_Description of the task_
The pictures get dropped, while every remaining part of the listing is copied exactly.
Segment Start: Data segment
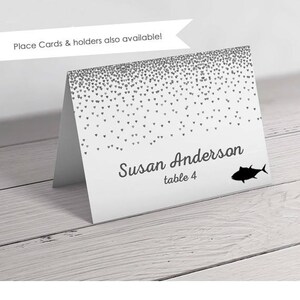 Op de afbeelding: Witte plaatskaart met een zilveren glitterhartpatroon. De tekst "Susan Anderson tafel 4" is op de kaart gedrukt. Een zwart silhouet van een vis bevindt zich in de rechterbenedenhoek.
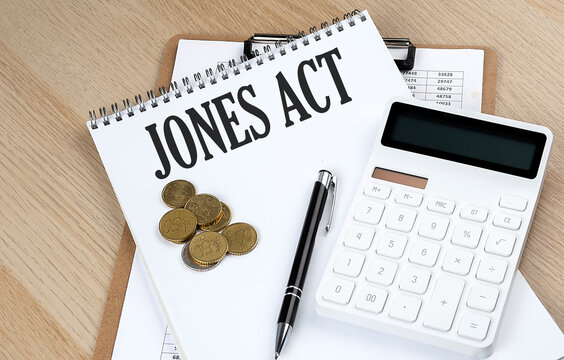JONES ACT text with chart and calculator and coins , business concept
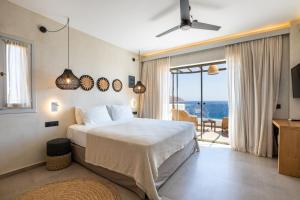 a bedroom with a bed with a view of the ocean at Aegean Village Beachfront Resort in Amoopi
Segment End: Data segment
_Answer to this exercise_
 Op de afbeelding: Witte plaatskaart met een zilveren glitterhartpatroon. De tekst "Susan Anderson tafel 4" is op de kaart gedrukt. Een zwart silhouet van een vis bevindt zich in de rechterbenedenhoek.
JONES ACT text with chart and calculator and coins , business concept
 a bedroom with a bed with a view of the ocean at Aegean Village Beachfront Resort in Amoopi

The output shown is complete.